Les conclusions de cette expérience montrent que le cerveau « s’illuminait » au moment où il a été confronté à l’androïde. Il apparaît ainsi que les êtres humains sont « satisfaits » lorsque la chose présentée en face d’eux a un mouvement humain et/ou une ressemblance humaine. Cependant, quand l’attitude et la similitude sont en désaccord, le cerveau ne parvient pas à traiter l’information correctement. L’étude, construite à partir des données de l’équipe internationale de Ayse Pinar Saygin, précise que « les modifications observées se situent dans la région du cerveau qui connecte le cortex visuel (qui gère les mouvements) avec le cortex moteur, qui contient les neurones d’empathie (ou neurones miroirs), gérant nos capacités à percevoir les émotions. »

Pour prendre un exemple concret, nous pouvons prendre la machine Ameca. Elle représente parfaitement l’idée de Vallée de l’étrange. Cet humanoïde très réaliste est dérangeant pour le cerveau humain : le fait de se retrouver face à un être qui nous ressemble trait pour trait mais qui n’est pas comme nous provoque une dissonance perceptive. En effet, le cerveau préfère fuir plutôt que de devoir catégoriser cette pièce de métal grandeur nature.

De plus, depuis plusieurs décennies, nous sommes habitués à des machines censées suppléer l’homme dans ses tâches les plus pénibles. La seule idée d’une matérialisation d’une machine avec un « recouvrement » humain force l’appréhension. L’exposition « Persona », qui était visible au Quai Branly du 26 janvier 2016 au 13 novembre 2016, remettait en question la définition de « vivant », avec les caractéristiques qui lui sont propres sur l’aspect mental, linguistique, cognitif et religieux.

La solution contre la Vallée de l’étrange

Cependant, tout n’est pas noir pour autant. Il y a un point positif à retenir de cette analyse de la Vallée de l’étrange : bien que la pente ascendante soit dure à accepter psychologiquement, la pente descendante, bien que non existante aujourd’hui, finira par voir le jour. En effet, une fois qu’une habitude de ressemblance sera instaurée entre les humains et les machines, les émotions relatives aux humanoïdes redeviendront positives. La Vallée de l’étrange ne sera plus.

Mais dans ce cas, pourquoi s’obstiner à fabriquer des machines qui nous ressemblent ? Le concept de Vallée de l’étrange s’évanouirait aussitôt. D’après le scénariste de Battlestar Galactica, une série où l’on retrouve des robots parfaitement humanoïdes, il s’agit en fait d’une application de l’hubris, c’est-à-dire le fait de croire que notre « forme » humaine doit absolument être répliquée, car elle est parfaite.

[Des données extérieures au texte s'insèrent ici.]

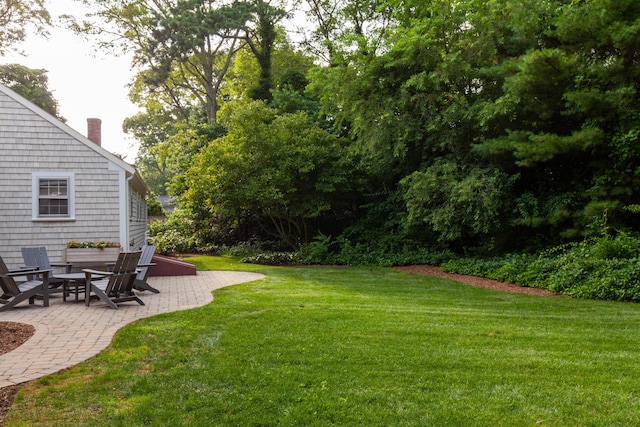 40 Highland Dr, Centerville, MA 02632 - view of grassy yard featuring a patio area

De nombreuses conclusions peuvent être établies concernant les robots humanoïdes. Actuellement, des progrès spectaculaires sont faits en la matière, ce qui ne manque pas d’interroger sur l’aspect éthique, scientifique, mais également sur l’adaptation de la psychologie humaine à ces machines dotées d’une ressemblance de plus en plus troublante.

La Vallée de l’étrange promet encore bien des découvertes, et c’est à nous, humain, d’aiguiser notre vision et de « mettre à jour » notre conscience. Ceci afin de mieux accepter cet « autre ». Dans le même ordre d’idée, nous pourrions poser le regard sur la thématique des armes létales autonomes, qui peut créer un nouveau débat sur l’intelligence artificielle et les usages que nous en faisons.